**Task goal:** Would you write out the lines below exactly, from the one containing "Comment porter une" to the very last, but without the pictures?
====
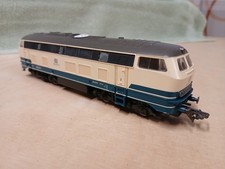 90) ROCO H0 AC, BR 215 077-9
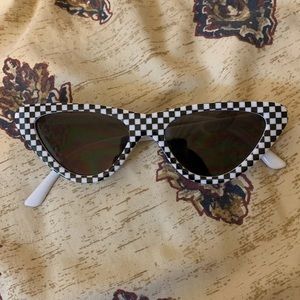 VSCO checkered glasses
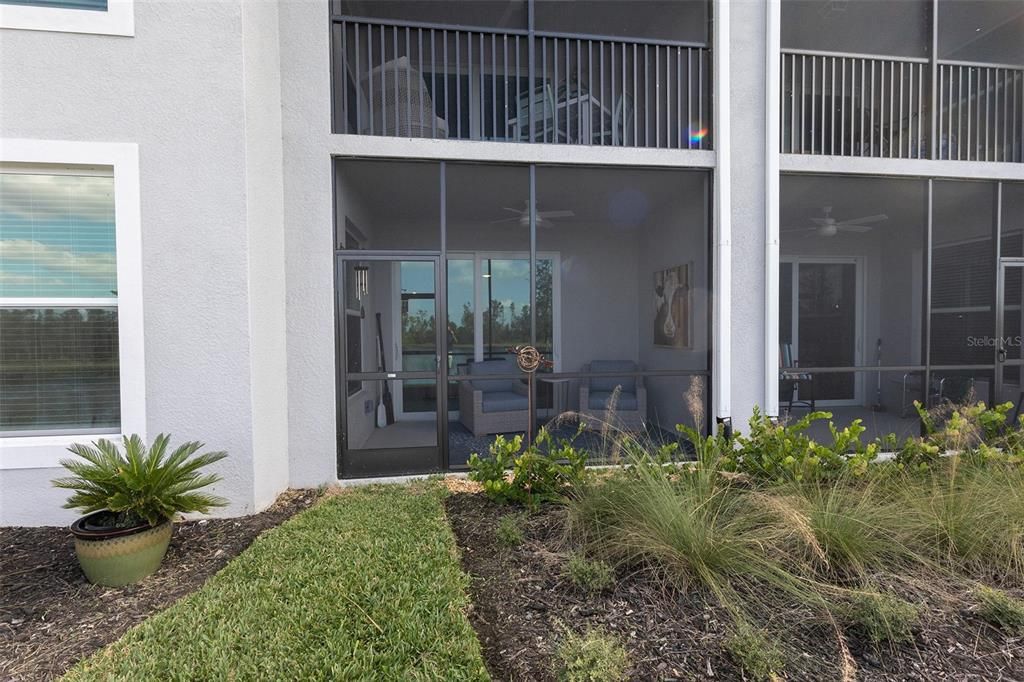 Active With Contract: $278,700 (2 beds, 2 baths, 1366 Square Feet)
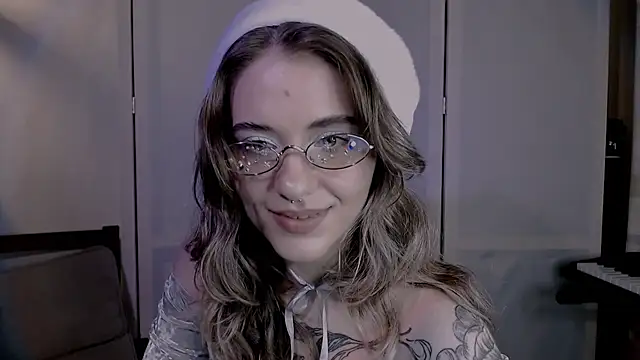 Snapshot of risha_laas chatting on December 24, 2024, 6:17 pm risha laas online show from December 24, 2024, 6:17 pm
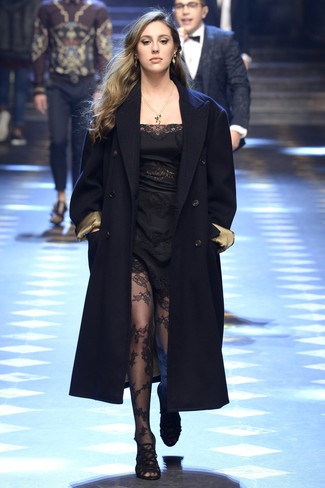 Comment porter une robe nuisette en dentelle noire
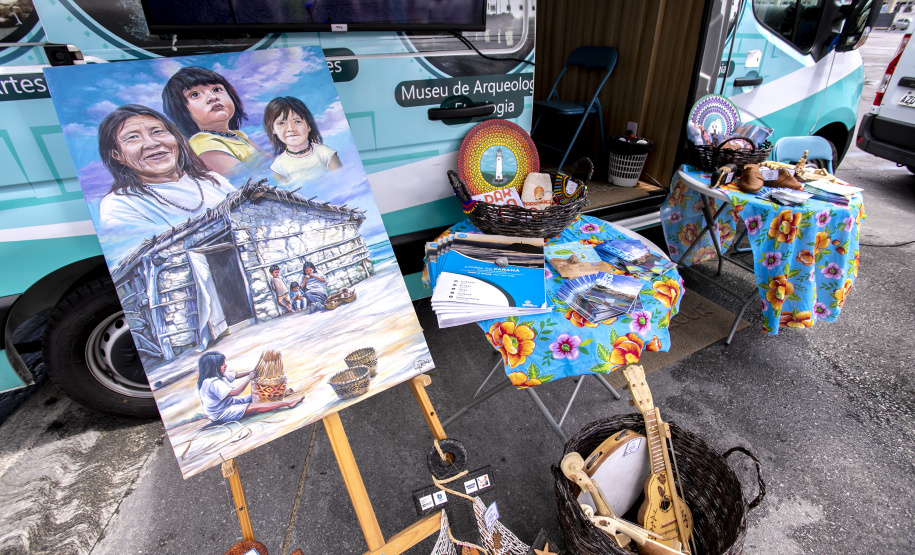 Após três anos, Porto de Paranaguá volta a receber navio com turistas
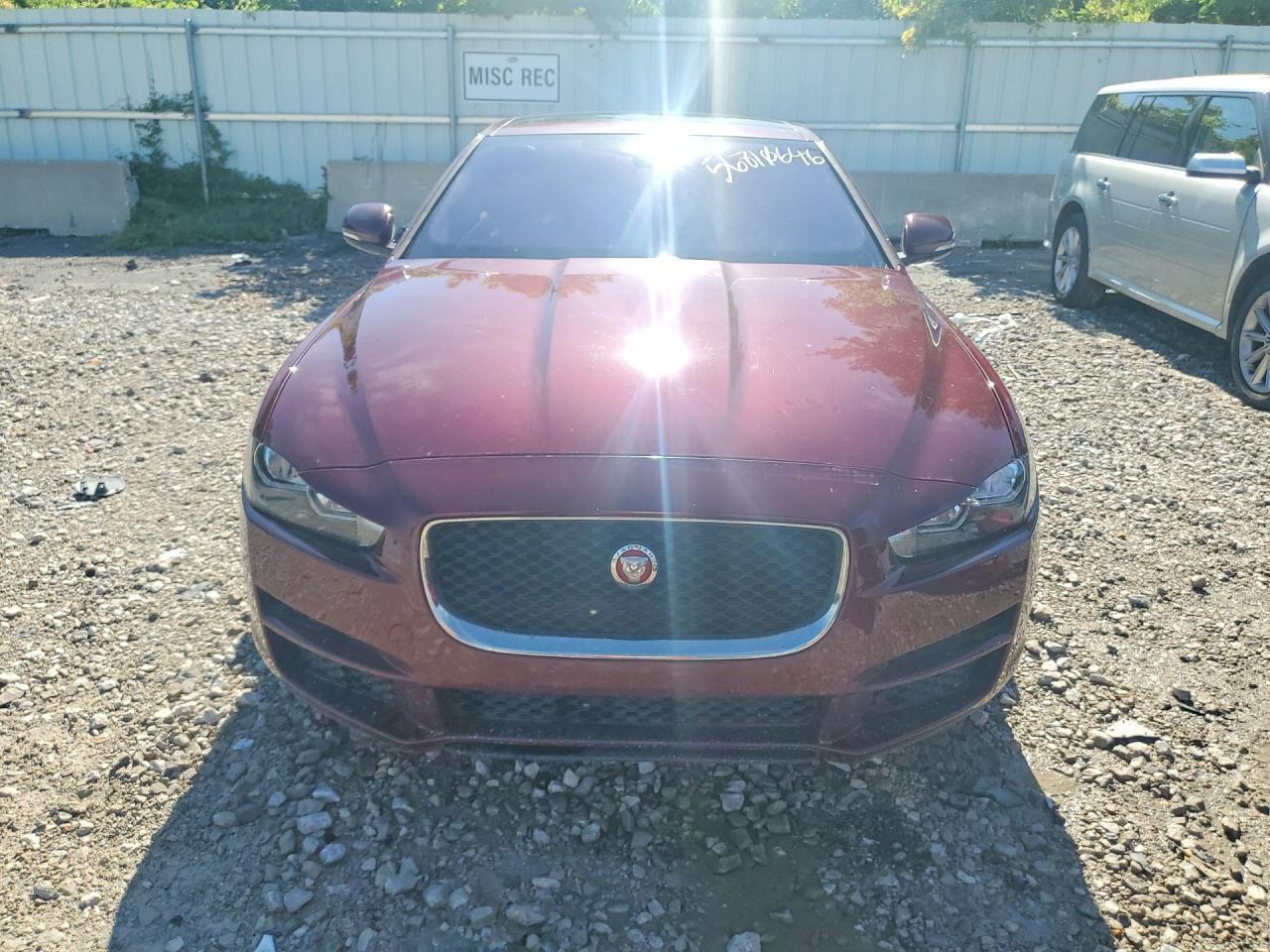 JAGUAR XE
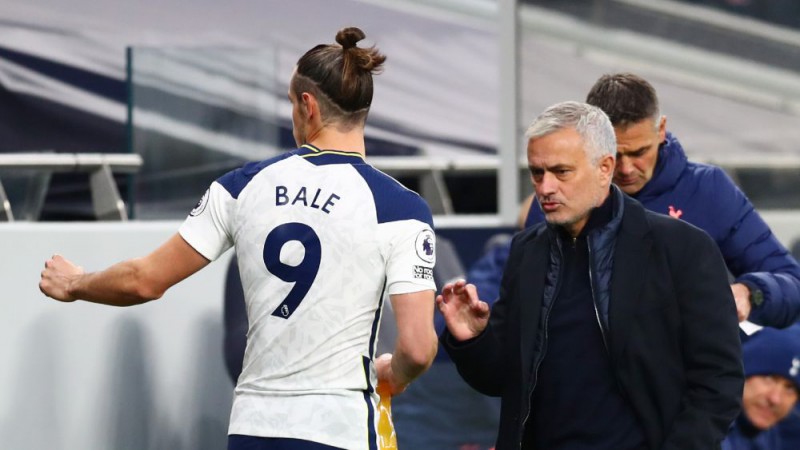 HLV Mourinho không ngại công kích Real Madrid khi Gareth Bale ghi bàn cho Tottenham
====
**Problem solution:**
 Comment porter une robe nuisette en dentelle noire
 Após três anos, Porto de Paranaguá volta a receber navio com turistas
 JAGUAR XE
 HLV Mourinho không ngại công kích Real Madrid khi Gareth Bale ghi bàn cho Tottenham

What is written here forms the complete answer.